Health trust pays millions
in redundancy
8:00am Thu Sep 13, 2012
The NHS trust that runs Newark Hospital has spent over £3m on redundancy settlements for its staff in the last two years, it can be revealed.
This includes a pay-off of more than £1/4m to a departing chief operating officer, money which the Say Yes to Newark Hospital Campaign says could have been spent on extra staff or directly on services.
Sherwood Forest Hospitals Foundation Trust’s annual report and accounts show that a total of £3,260,000 has been spent by the trust on redundancies from 2010-12.
The report includes details of a pay-off of between £280,000 and £285,000 to former chief operating officer Jane Warder, who left in February.
The accounts refer to the payment as “remuneration relating to a contractual redundancy and notice period payment.”
It includes a confidentiality clause that prevents either party discussing publicly aspects of their terms or conditions of employment.
The secretary of the Say Yes to Newark Hospital Campaign, Mr Paul Baggaley, described the payment as “morally indefensible.”
“How can it be right to pay out extraordinary amounts of taxpayers’ money at a time of austerity when we are being asked to manage with less?” he said.
The campaign chairman, Mr Francis Towndrow, said: “Our trust has employed senior management staff on large salaries, and then overseen their departure paying compensation packages, money that would have been better used employing extra staffing for our hospital.”
The accounts show that in 2011/12, a total of £2,655,000 was spent on exit packages for staff — 113 agreed to leave and there were nine compulsory redundancies.
In 2010/11, there were compulsory redundancies costing £605,000.
The figures do not include Mr Martin Wakeley, who left his position as chief-executive at the end of May having only been in post since October 2011.

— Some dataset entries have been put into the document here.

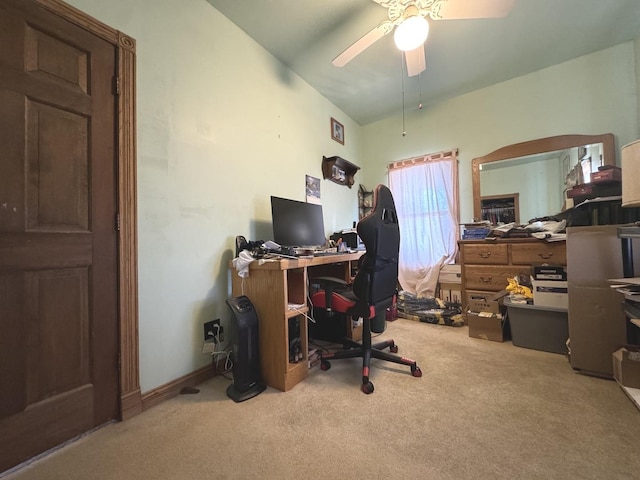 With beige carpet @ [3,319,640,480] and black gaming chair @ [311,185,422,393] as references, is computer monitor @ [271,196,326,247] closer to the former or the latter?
black gaming chair @ [311,185,422,393]

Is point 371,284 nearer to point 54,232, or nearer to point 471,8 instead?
point 54,232

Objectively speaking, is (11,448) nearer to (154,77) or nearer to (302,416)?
(302,416)

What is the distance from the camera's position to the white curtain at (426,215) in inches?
131

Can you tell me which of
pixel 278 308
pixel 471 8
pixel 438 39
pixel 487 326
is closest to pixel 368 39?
pixel 471 8

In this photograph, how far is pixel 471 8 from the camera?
162cm

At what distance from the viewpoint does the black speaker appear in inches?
59.4

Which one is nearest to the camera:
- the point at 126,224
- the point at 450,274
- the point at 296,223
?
the point at 126,224

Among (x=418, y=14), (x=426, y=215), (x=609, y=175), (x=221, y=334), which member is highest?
(x=418, y=14)

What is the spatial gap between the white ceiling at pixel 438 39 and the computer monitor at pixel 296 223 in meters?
1.41

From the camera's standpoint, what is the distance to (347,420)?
4.21 feet

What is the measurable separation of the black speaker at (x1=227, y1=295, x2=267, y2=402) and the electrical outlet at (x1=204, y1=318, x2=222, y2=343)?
1.06 feet

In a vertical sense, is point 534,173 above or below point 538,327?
above

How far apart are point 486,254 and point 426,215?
1.04m

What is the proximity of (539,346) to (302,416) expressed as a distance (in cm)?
199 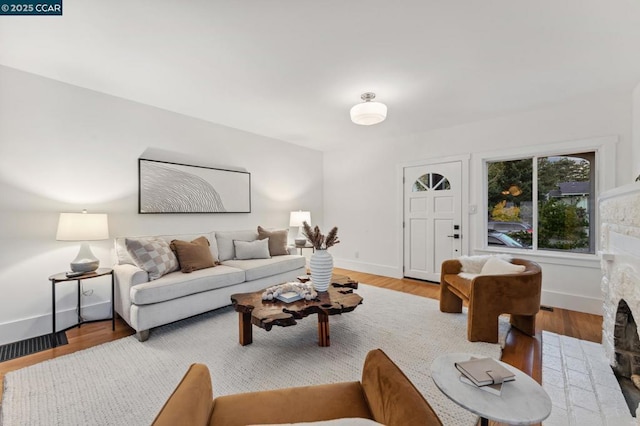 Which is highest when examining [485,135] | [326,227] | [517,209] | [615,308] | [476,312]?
[485,135]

Redundancies at the trust were part of cost-cutting measures aimed at helping it cope with a challenging financial position, the main burden being repayments on the £366m private finance initiative that paid for the redevelopment of King’s Mill Hospital, Sutton-in-Ashfield.
The trust is committed to paying around £46m in PFI charges in 2012/13.
PFI charges increase in line with the Retail Price Index and, therefore, the payments increase each year. By the time the contract ends in 2043, the Newark Hospital campaigners say it could have cost over £2bn.
The trust has a financial risk rating of three on a scale of one to five, with one being the highest.
The accounts show the trust had an income of £266m last year, leaving it with a £6.2m deficit.
Mr Baggaley said: “Every year the trust is having to pay more on buildings than on staff, and the impact of that can only be cuts in services.
“It is inevitable that they will spend more and more on PFI and less on services.”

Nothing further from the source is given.